Camilo Alsimiro Alberto Cutala | AUA Exclusive | African Society

Continents around the world have been increasingly threatened by territorial issues that negatively affect their overall development, identity, and subsistence. To address these challenges, this article examines strategies for creating a sustainable, resilient, and culturally African built environment.

Socio-economic challenges (poverty, lack of access to basic services, inequality), political instability and poor governance, and cultural disruptions (loss of traditional knowledge and imposition of foreign values) are among the most negative and impactful challenges our regions have faced to date. And Africa is severely affected by these situations.

Despite these substantial challenges, Africa is known as the Continent of the Future. Experts agree that the Mother Continent is now undergoing rapid growth, driven by global population growth, rapidly rising needs, abundant energy potential (including renewable sources such as solar power), rich cultural diversity, plentiful raw materials, and more. Drawing on previous works, case studies, and reports, this article identifies and addresses the catalysts of sustainability, resilience, and cultural relevance as solutions for the development of the African built environment. Delving into these catalysts, the article explores how the dimensions of sustainability, resilience and cultural relevance are crucial for the development of the African built environment.

Fig. 1. Aerial view over Addis Ababa, Ethiopia, showing densely packed houses at the edge of a busy road. Source: African Cities Research Consortium (Photo credit: derejeb / Getty Images)

1.   Sustainability

Sustainability is rooted in 3 central pillars (economic, environmental and social). In the African built environment, it should be understood as the approach that through the processes of designing, construction, and operation, minimises and mitigate the negative impacts (attached to its pillars) while promoting profound shifts towards sustainable developments in this sector, according to the Sustainable Development Goals, considering the local needs and potentialising the local resources African countries possess by regarding the exclusive space notion that African people have, that is different from the other regions, from idealisation to the use of locally-sourced materials. A real example from Angola is Kilamba New City, which struggles with the absence of key sustainability catalysts due to its misalignment with affordability and a lack of cultural-social integration.
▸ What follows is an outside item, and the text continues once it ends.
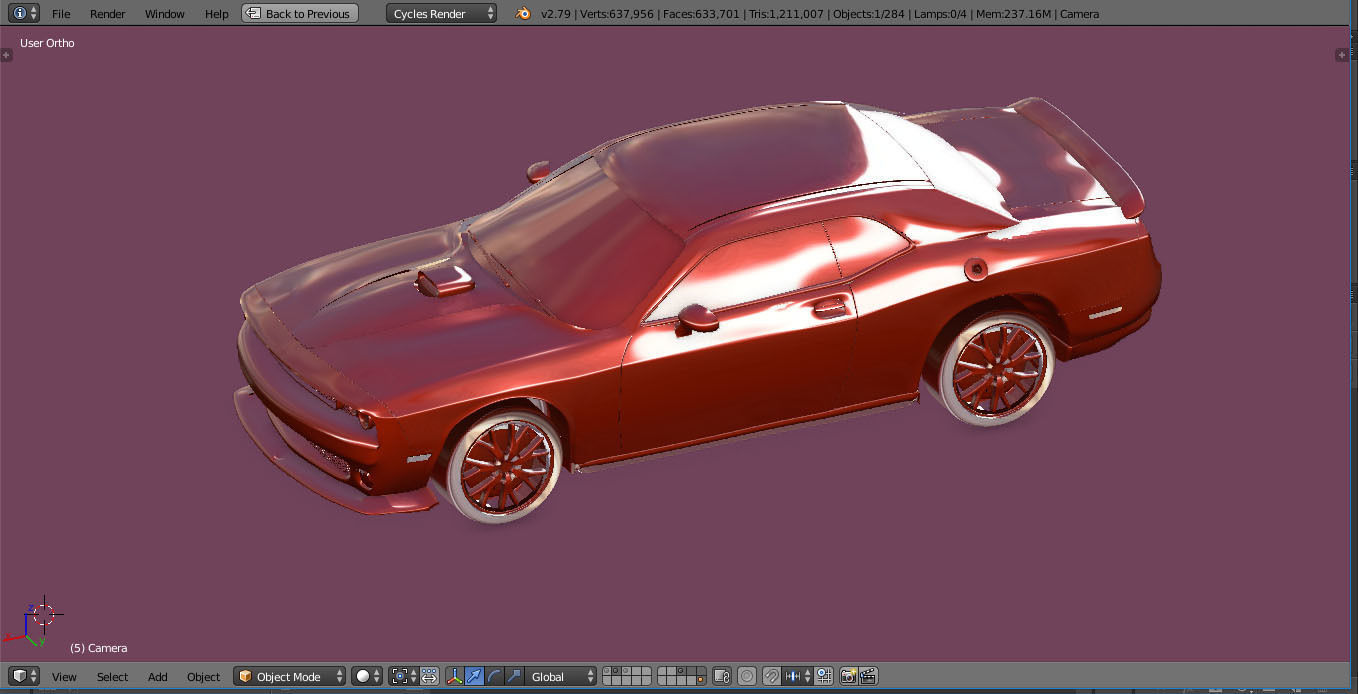 dodge challenger 2015 sport 3D model_4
Fig. 2. Dimensions of sustainability. Source: Adapted from (Boschi, 1997)

 

 

Fig. 3. Kilamba City, Luanda, Angola Source: Africa Research Institute, 2015

 2.   Resilience

Resilience is the capacity to adapt to and recover from disruptions. In the built environment, resilience is the city’s capacity to withstand and recover from natural disasters, economic shocks, and other disruptive events. Adaptive and flexible infrastructure, inclusive decision-making, nature-based solutions, technology and data usage, and community engagement are key factors and strategies that can effectively enhance the resilience of the African built environment. To achieve it, African countries must combine systematic approaches at the building, community, and urban levels.
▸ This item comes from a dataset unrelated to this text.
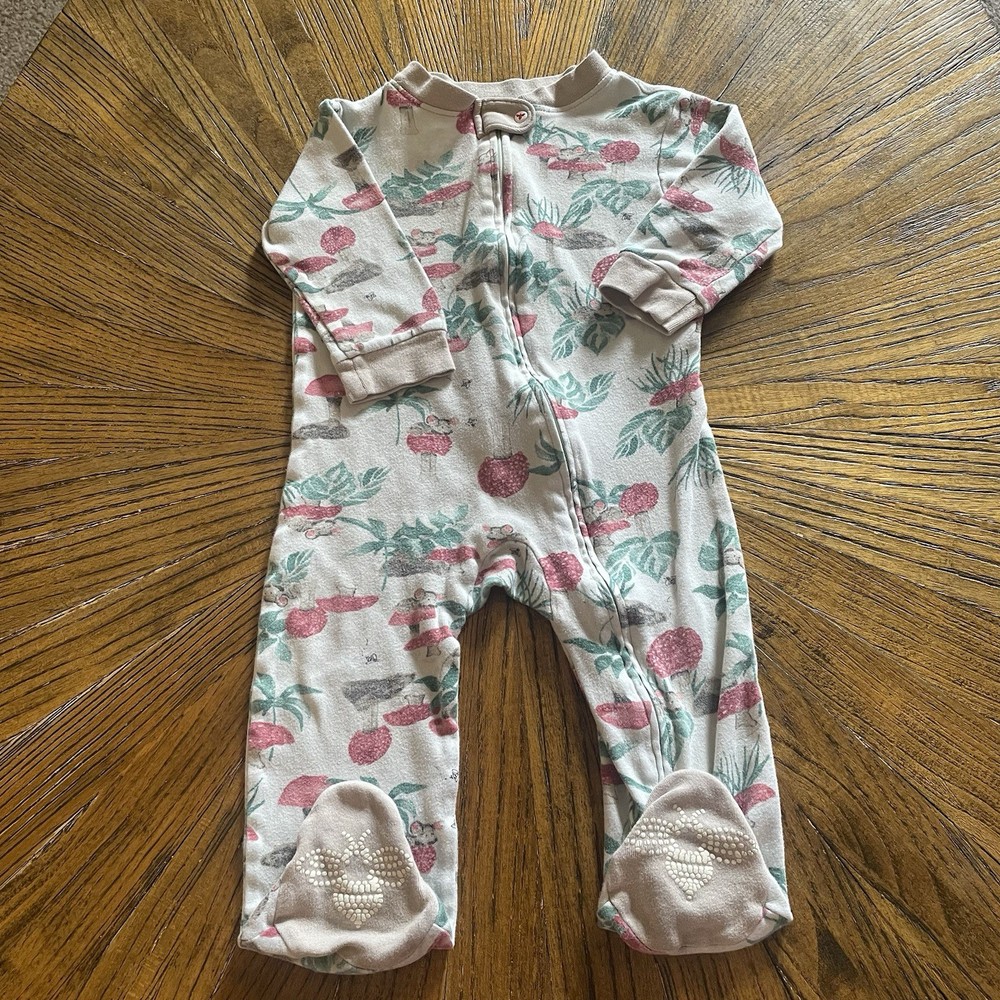 Burt's Bees Baby Organic Cotton Woodland Long Sleeve One-Piece 6-9 Months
According to researchers, resilience and human social capital are interconnected in the built environment through the following strategies: Building social networks and relationships, promoting community engagement and participation, fostering trust and cooperation, and encouraging knowledge sharing and learning.

It is crucial to adopt a holistic approach that integrates historical knowledge, scientific insights, policy interventions and community engagement to foster the implementation of these strategies in the African physical surroundings in which people live and work, since social interactions and relationships are influenced by the design and layout of buildings, neighbourhoods, in urban and rural areas. Mixed-use developments that combine residential and commercial spaces are a great way to promote social interactions and community engagement.

 

 Fig. 3. Built environment resilience qualities covered in this study.  (Source: ScienceDirect)
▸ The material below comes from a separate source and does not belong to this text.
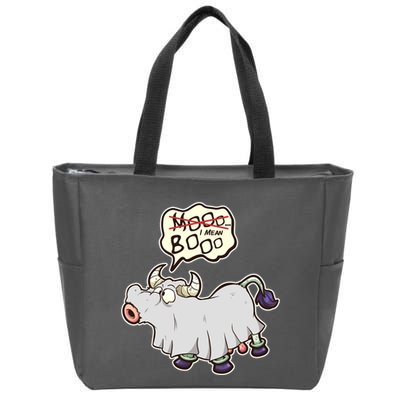 Funny Halloween Cow Moo I Mean Boo Zip Tote Bag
This all within the context of the resilient architecture design approach as a cycle of four key phases: Original State (original building conditions, safe and functioning state), Mitigate (minimises the impact of disruptions by addressing vulnerabilities), Adapt (adjusts to changing conditions to reduce overall effects of disruptions), and Recover (restores to a functional state after disruptions occurred), in other words, the approach that ensures the buildings can return to their original state after disruptions.

3.   Cultural Relevance

A person who does not know where they come from cannot know where they are going.”

This African proverb emphasises the importance of recognising and considering identity. Culture is about identity. In the African built environment, it is reflected through the use of traditional building materials, diverse architectural styles, and symbolic or spiritual elements.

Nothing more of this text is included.